Listeners can also hear Mozart’s early mastery of orchestral “conversation”. D major encourages ringing brass and agile string figuration; with trumpets and timpani present, phrase endings can be underlined as ceremonial “points of arrival,” while the winds brighten the texture and help articulate formal joints.[1] The result is not merely loud or fast: it is publicly intelligible music, where rhythmic snap and clear tonal goals keep the form readable even at high speed.
As an Amazon Associate we earn from qualifying purchases.
From the standpoint of Mozart’s symphonic evolution, the movement is instructive. It demonstrates how, before the later Salzburg symphonies’ broader argument and before Vienna’s expansive finales, Mozart could already craft a concise closing movement whose excitement is generated by tight motivic work, rapid harmonic confirmation, and bright orchestral coloring—skills that would later be redeployed in far more complex contexts.
Reception and Legacy
K. 120’s reception has long been shaped by cataloging history. Older traditions counted it among Mozart’s “early symphonies,” and it still appears in that guise on reference sites and in performance materials; IMSLP, for instance, preserves the conventional designation “Symphony No. 48” while stating plainly that it is now known to be the finale of the *sinfonia* to *Ascanio in Alba.[4](https://imslp.org/wiki/Symphony_No.48_in_D_major%2C_K.120%2F111a_%28Mozart%2C_Wolfgang_Amadeus%29) Modern Mozart scholarship, reflected in the Mozarteum’s Köchel-Verzeichnis, instead emphasizes its relationship to K. 111 and its function as part of a theatrical sinfonia complex rather than a stand-alone concert symphony in the later sense.[1]
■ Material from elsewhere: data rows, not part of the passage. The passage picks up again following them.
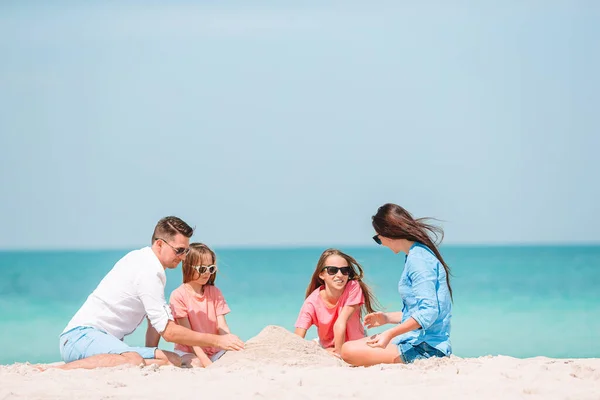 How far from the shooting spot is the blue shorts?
638 centimetres

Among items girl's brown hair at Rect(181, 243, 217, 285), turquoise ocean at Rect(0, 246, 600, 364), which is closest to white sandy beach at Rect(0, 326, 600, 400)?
girl's brown hair at Rect(181, 243, 217, 285)

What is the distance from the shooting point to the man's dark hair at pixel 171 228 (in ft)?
21.6

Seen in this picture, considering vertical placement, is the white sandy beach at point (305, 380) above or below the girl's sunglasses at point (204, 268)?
below

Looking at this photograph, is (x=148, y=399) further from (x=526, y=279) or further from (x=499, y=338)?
(x=526, y=279)

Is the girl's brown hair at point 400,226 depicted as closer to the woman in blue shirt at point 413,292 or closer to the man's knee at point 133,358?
the woman in blue shirt at point 413,292

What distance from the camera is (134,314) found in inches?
263

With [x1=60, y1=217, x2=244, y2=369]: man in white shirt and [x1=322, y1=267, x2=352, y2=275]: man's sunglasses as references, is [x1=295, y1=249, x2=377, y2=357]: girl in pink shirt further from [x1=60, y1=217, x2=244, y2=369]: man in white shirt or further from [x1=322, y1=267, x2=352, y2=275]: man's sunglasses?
[x1=60, y1=217, x2=244, y2=369]: man in white shirt

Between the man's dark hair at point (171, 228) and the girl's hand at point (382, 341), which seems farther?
the man's dark hair at point (171, 228)

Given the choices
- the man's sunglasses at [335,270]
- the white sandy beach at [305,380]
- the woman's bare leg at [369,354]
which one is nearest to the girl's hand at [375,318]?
the woman's bare leg at [369,354]

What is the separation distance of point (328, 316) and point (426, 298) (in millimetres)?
1401

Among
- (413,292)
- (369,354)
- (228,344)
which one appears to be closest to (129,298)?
(228,344)

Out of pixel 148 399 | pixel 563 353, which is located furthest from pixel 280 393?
pixel 563 353

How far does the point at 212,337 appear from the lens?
6426 mm

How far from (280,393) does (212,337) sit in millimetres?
1364
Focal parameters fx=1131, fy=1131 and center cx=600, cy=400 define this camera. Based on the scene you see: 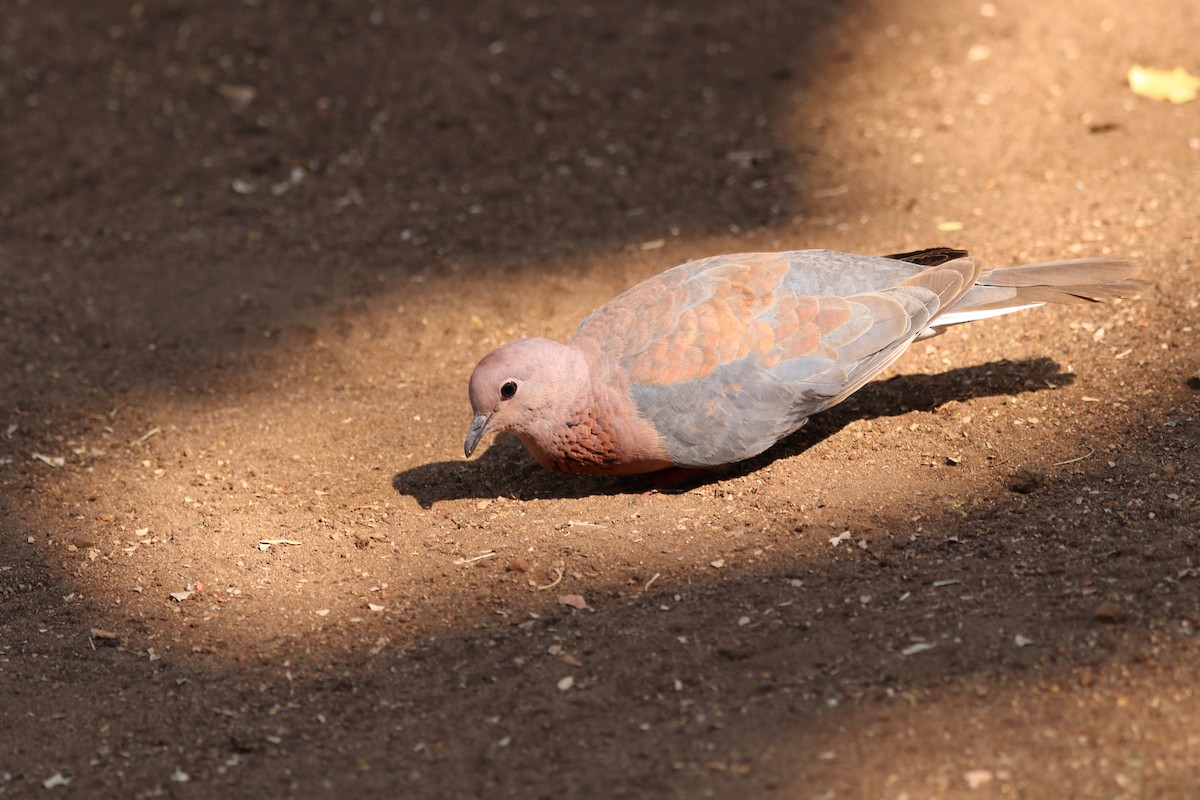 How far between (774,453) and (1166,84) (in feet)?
13.6

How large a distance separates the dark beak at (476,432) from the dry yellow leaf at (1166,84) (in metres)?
4.95

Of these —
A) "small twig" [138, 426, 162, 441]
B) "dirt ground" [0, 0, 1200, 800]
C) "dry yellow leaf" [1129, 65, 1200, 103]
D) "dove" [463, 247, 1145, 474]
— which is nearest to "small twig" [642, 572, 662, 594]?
"dirt ground" [0, 0, 1200, 800]

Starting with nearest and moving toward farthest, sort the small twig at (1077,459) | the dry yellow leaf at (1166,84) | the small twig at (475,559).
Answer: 1. the small twig at (475,559)
2. the small twig at (1077,459)
3. the dry yellow leaf at (1166,84)

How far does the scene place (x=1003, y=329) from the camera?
5184 mm

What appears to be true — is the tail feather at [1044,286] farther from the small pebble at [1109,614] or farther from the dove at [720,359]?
the small pebble at [1109,614]

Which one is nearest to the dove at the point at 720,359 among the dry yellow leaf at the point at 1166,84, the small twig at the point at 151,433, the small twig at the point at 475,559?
the small twig at the point at 475,559

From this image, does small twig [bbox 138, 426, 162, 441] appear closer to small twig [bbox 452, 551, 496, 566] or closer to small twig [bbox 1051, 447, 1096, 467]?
small twig [bbox 452, 551, 496, 566]

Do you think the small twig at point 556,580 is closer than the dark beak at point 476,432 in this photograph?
Yes

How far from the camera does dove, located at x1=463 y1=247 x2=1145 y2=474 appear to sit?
165 inches

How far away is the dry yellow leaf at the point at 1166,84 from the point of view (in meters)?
6.81

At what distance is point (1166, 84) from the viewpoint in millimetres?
6891

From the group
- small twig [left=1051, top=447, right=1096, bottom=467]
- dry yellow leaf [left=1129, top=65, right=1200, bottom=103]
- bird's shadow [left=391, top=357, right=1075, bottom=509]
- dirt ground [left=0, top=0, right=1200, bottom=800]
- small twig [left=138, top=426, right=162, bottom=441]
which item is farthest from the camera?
dry yellow leaf [left=1129, top=65, right=1200, bottom=103]

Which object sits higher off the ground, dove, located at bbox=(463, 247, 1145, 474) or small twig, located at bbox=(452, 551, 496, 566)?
dove, located at bbox=(463, 247, 1145, 474)

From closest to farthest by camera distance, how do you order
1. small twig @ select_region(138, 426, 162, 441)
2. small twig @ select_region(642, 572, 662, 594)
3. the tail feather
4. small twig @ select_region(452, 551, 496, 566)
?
small twig @ select_region(642, 572, 662, 594)
small twig @ select_region(452, 551, 496, 566)
the tail feather
small twig @ select_region(138, 426, 162, 441) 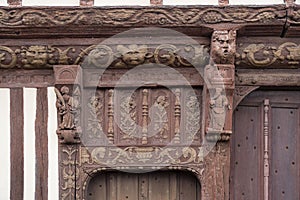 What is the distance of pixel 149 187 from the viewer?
269 inches

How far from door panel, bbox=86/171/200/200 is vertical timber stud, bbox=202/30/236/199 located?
238 mm

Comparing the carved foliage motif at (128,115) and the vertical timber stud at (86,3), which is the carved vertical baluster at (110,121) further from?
the vertical timber stud at (86,3)

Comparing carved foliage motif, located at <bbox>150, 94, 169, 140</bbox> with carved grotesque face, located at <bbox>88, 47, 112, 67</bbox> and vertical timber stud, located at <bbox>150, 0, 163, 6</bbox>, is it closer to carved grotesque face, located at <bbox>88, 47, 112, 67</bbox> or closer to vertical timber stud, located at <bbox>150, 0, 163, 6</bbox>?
carved grotesque face, located at <bbox>88, 47, 112, 67</bbox>

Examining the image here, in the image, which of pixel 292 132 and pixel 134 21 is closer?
pixel 134 21

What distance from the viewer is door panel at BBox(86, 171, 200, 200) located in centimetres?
682

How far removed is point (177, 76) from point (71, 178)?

That very “in-between” status is why it merits renewed attention. K. 120 offers a concentrated glimpse of Mozart’s Italian period orchestral style: ceremonial brilliance without heaviness, speed without blur, and a practical understanding of what an opening-or-closing movement must do in a festive theatrical environment. Heard on its own, it is a compact showpiece; heard in relation to Ascanio in Alba, it becomes a vivid reminder that Mozart’s symphonic thinking was forged not only in concert rooms, but also in the vivid, time-sensitive world of the eighteenth-century stage.
[1] International Mozarteum Foundation (Köchel-Verzeichnis): KV 111 entry linking K. 120/111a; dating and instrumentation.
[2] Wikipedia: Ascanio in Alba — premiere date (17 October 1771) and basic context for the serenata.
[3] Digital Mozart Edition (Neue Mozart-Ausgabe preface PDF for Symphonies IV/11/2): editorial remarks on combining the overture with the finale and genre context.
[4] IMSLP work page: Symphony No. 48 in D major, K. 120/111a — identification as finale from Ascanio in Alba sinfonia; instrumentation and movement details.